Il convient d’ajouter que le PDC a, depuis plusieurs décennies, le plus grand nombre de sièges au Conseil des Etats – actuellement 14 sur 46. Au Conseil national, l’UDC regroupe environ un tiers des parlementaires, alors qu’au Conseil des Etats, ce parti a moins de sièges que le PDC, le PS et le PLR.
L’enquête s’est déroulée en ligne entre le 19 et le 25 août. Les données provenant de 17 128 électeurs inscrits ont été utilisées pour l’évaluation. «Comme les participants à l’enquête se recrutent eux-mêmes (opt-in), la composition de l’échantillon n’est pas représentative.» C’est pourquoi le Centre de recherche Sotomo a «pondéré les réponses: le biais dans l’échantillon doit être contrebalancé par des procédures de pondération statistique». Cela permet «d’atteindre un haut degré de représentativité de la population électrice active».8
Objection! Si les personnes sondées s’annoncent elles-mêmes, l’échantillon est et demeure non représentatif. En utilisant un programme informatique pour «peigner» les résultats, l’institut de recherche sur l’opinion publique Sotomo ne rend pas les résultats plus «représentatifs». Il s’agit d’une mise en garde contre une trop grande confiance en l’informatique: avec le bon logiciel, les «experts en informatique» savent fabriquer, si nécessaire, «l’opinion de la population électrice active» à partir d’opinions rassemblées de manière aléatoire.
«Opération libero» en original: «Pour cet octobre, nous appelons à participer aux élections du changement! Nous soutenons les candidats qui s’engagent pour nos objectifs. A Bâle-Ville, l’‹Opération Libero› a choisi Sibel Arslan et Christian Egeler. Nous les avons invités tous les deux à se présenter le 5 septembre.» (Page d’accueil, agenda)
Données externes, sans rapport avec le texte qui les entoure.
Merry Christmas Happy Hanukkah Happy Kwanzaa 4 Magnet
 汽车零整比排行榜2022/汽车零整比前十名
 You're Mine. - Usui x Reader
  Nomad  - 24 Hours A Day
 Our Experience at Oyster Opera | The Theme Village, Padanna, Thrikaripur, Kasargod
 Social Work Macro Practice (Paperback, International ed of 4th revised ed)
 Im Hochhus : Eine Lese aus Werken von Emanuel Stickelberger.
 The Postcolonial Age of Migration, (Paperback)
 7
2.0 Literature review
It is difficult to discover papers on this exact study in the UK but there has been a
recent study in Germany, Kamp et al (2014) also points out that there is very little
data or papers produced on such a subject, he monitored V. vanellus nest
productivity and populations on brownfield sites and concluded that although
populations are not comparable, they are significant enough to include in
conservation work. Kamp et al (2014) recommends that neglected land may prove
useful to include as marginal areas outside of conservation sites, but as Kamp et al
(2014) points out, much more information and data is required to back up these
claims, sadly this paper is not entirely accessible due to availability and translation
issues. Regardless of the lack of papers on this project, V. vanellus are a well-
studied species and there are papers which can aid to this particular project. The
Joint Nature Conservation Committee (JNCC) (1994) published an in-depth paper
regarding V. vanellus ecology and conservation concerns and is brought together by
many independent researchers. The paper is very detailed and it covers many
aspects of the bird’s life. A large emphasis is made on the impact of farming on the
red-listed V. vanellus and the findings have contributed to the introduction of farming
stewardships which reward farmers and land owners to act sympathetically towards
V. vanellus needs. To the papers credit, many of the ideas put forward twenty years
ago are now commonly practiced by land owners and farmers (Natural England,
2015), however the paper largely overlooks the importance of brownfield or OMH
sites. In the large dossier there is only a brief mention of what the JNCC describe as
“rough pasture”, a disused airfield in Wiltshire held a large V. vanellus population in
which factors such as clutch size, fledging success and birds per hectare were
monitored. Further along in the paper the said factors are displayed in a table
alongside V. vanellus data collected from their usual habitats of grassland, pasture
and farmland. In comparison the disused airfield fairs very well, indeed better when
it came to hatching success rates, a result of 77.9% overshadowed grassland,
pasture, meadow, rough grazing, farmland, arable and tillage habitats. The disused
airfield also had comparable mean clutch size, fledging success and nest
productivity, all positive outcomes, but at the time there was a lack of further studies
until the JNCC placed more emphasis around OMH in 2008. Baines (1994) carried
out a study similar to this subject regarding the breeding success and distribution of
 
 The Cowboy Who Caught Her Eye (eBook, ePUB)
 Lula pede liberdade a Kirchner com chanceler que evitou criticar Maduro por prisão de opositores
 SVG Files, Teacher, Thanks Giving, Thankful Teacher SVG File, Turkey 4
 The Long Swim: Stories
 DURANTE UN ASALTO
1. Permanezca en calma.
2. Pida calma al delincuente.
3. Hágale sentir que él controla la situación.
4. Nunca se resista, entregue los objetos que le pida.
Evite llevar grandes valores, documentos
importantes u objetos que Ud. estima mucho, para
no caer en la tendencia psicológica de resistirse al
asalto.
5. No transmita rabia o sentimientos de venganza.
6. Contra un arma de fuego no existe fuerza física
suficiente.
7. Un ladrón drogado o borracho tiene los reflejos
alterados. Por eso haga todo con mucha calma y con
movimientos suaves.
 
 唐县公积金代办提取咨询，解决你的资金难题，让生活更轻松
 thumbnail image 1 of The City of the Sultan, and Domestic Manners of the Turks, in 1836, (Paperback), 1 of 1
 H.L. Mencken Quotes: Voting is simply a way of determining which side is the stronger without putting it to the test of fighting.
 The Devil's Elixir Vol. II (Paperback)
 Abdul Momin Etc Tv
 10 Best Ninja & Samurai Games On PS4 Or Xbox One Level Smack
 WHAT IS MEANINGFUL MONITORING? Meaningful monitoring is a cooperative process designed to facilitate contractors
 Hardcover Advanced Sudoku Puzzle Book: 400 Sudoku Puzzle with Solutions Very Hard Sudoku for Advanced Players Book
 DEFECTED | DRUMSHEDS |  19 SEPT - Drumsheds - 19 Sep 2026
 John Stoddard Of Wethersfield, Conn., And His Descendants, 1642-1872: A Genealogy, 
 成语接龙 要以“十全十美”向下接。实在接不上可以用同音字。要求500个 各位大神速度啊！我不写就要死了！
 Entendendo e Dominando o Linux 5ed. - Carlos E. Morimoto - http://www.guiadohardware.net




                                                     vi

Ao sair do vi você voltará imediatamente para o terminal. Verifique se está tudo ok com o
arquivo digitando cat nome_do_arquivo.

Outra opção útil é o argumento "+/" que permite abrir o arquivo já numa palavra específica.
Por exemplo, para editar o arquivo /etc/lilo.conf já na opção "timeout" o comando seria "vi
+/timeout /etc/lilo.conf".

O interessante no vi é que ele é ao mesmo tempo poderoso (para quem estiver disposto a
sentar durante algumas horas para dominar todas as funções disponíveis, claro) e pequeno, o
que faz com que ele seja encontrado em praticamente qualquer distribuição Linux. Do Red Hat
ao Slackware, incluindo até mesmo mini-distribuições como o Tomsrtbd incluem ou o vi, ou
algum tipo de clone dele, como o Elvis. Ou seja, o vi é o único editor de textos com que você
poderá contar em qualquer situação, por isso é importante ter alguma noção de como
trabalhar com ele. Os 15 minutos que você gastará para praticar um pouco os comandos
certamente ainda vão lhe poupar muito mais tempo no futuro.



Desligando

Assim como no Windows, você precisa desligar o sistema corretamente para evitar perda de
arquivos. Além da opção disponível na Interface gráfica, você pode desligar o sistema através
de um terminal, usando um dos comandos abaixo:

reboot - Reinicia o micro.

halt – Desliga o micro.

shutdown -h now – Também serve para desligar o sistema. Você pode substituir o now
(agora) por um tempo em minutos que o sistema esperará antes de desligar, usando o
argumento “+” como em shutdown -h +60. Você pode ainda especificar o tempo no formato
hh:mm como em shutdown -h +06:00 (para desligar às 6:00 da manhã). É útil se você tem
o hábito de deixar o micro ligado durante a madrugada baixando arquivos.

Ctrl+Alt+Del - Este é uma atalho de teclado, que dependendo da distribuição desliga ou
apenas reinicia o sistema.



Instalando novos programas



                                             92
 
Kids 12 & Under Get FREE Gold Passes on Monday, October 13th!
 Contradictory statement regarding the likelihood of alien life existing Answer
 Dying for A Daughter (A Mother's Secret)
Mais comment convaincre les électrices et électeurs suisses de voter pour les «bons» candidats? Tout simplement – on embrigade le plus grand nombre possible de candidats pour le Conseil national pour ses fins et on cherche les sponsors nécessaires parmi les représentants des grandes entreprises internationales faisant de l’«ouverture» de la Suisse une priorité absolue. Incroyable, mais vrai.
Etudions les analyses d’Isabel Villalon dans la publication Inside Paradeplatz et de l’hebdomadaire WOZ, qui se présente sur sa page d’accueil comme «le seul journal indépendant, suprarégional et de gauche en Suisse alémanique». Ils révèlent les objectifs et les méthodes d’«Opération Libero» dans la campagne électorale – et la volonté scandaleuse d’une partie des candidats au Conseil national de se laisser engager pour ses objectifs.
Remarque: Heinz Karrer est président d’economiesuisse qui, au nom de «l’économie» – ou plutôt de certains patrons de grandes entreprises peu impliqués en Suisse – est à l’avant-garde en faveur de l’accord-cadre et de l’«ouverture» de la Suisse, même au prix de l’abandon de son modèle étatique unique. Un partenaire idéal pour «Opération Libero» disposant également de moyens conséquents. Son budget est estimé à 1,5 millions de francs.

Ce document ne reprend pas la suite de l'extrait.